==== Records shown
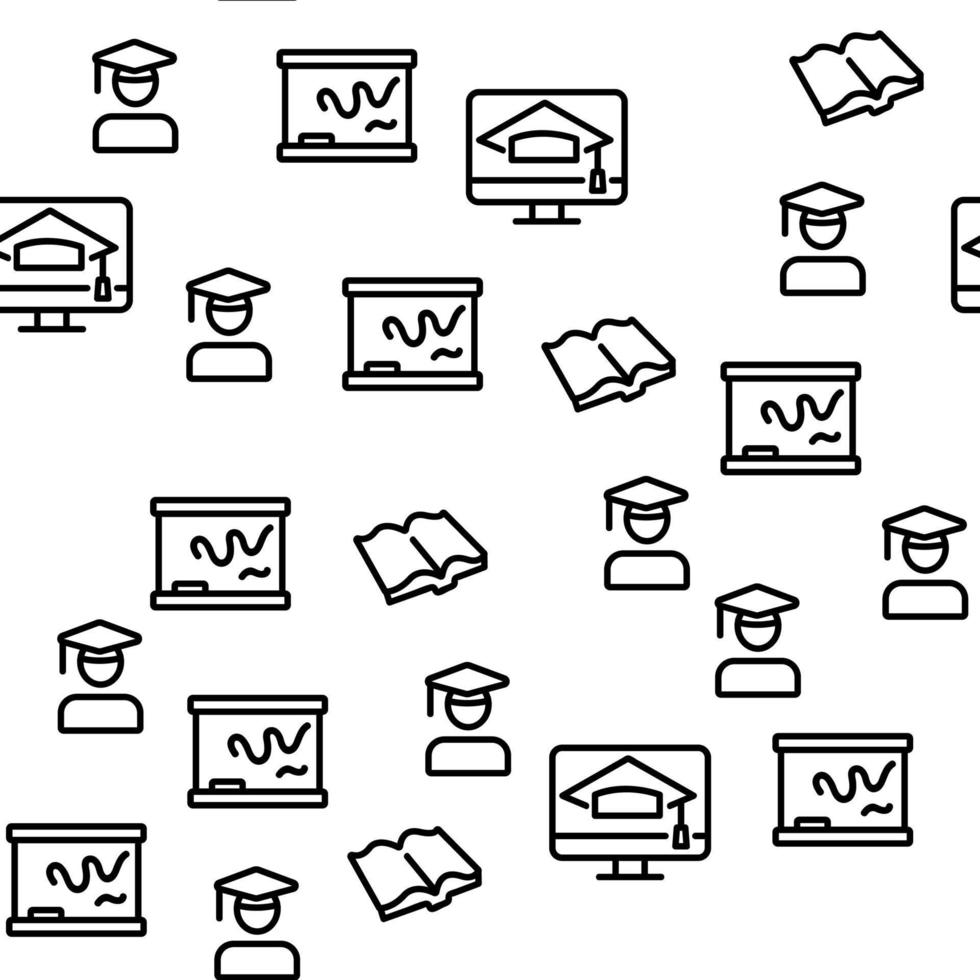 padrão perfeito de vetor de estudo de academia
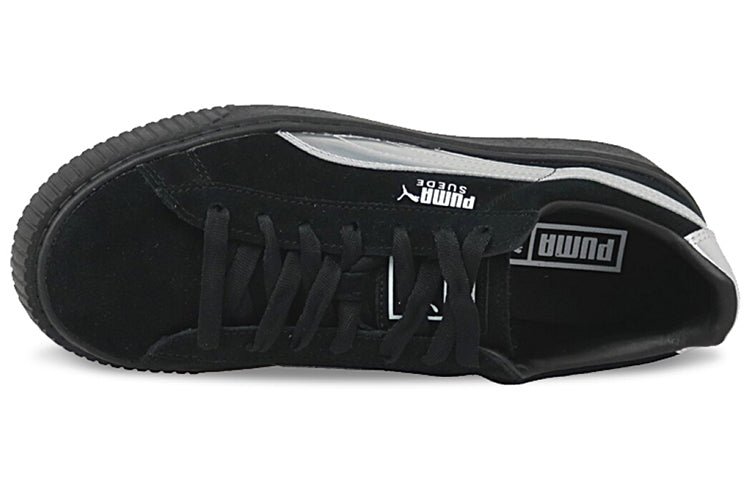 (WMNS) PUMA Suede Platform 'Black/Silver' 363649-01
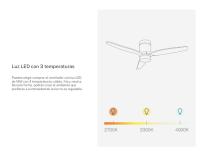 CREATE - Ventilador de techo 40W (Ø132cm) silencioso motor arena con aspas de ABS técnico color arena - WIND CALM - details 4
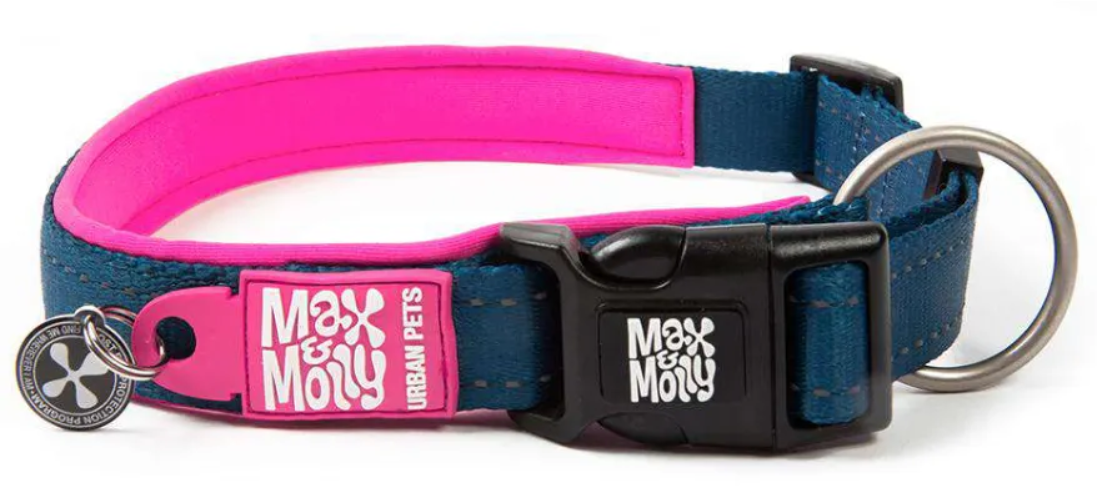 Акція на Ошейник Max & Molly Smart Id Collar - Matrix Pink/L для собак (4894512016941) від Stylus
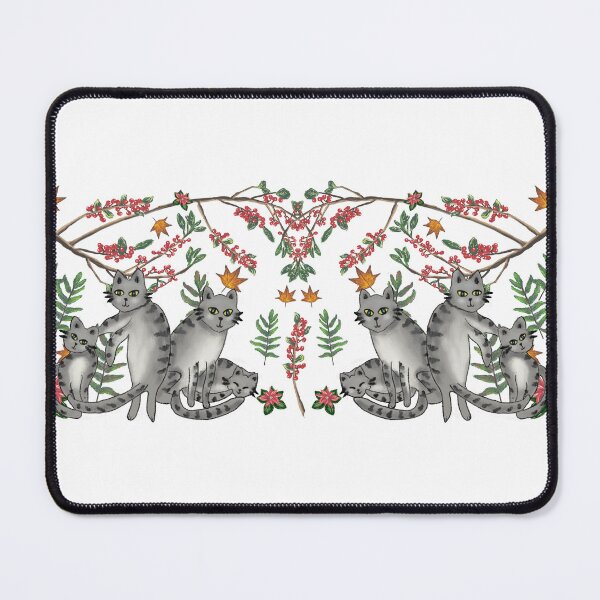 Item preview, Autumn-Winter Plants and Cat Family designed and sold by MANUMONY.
========
==== Records shown
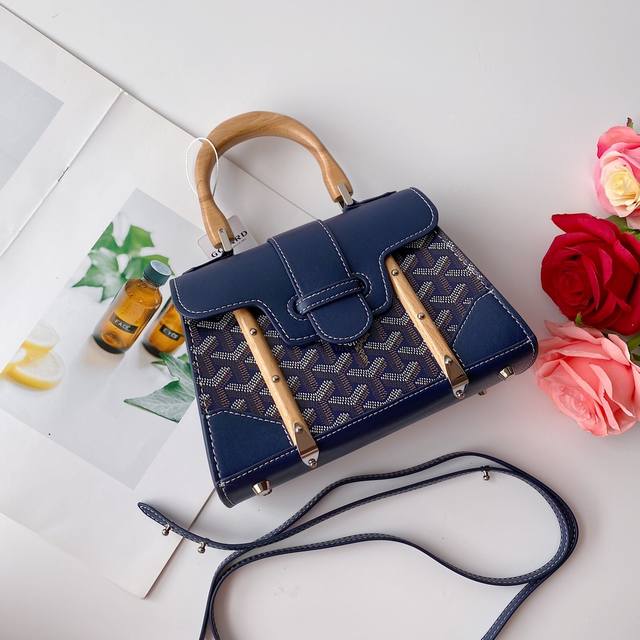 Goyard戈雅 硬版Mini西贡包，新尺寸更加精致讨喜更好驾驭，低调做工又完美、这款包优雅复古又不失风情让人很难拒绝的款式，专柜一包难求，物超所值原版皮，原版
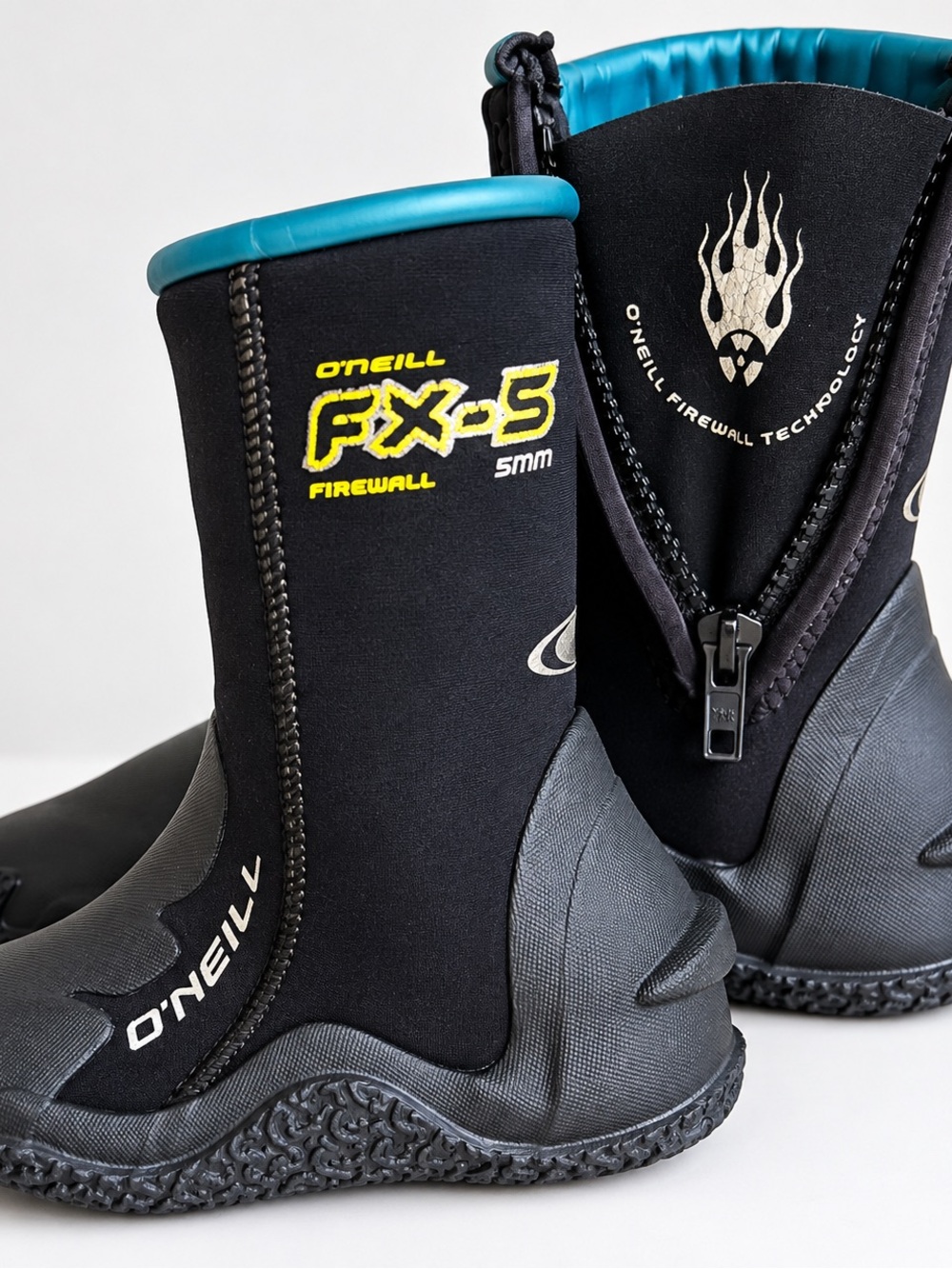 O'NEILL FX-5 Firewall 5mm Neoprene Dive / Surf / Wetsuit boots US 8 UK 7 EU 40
========
### Task to carry out
Go down the entries above from the line containing "Акція на Ошейник" to the line containing "Item preview, Autumn-Winter" and write out each line exactly, leaving pictures out.

### Solution for this problem
 Акція на Ошейник Max & Molly Smart Id Collar - Matrix Pink/L для собак (4894512016941) від Stylus
 Item preview, Autumn-Winter Plants and Cat Family designed and sold by MANUMONY.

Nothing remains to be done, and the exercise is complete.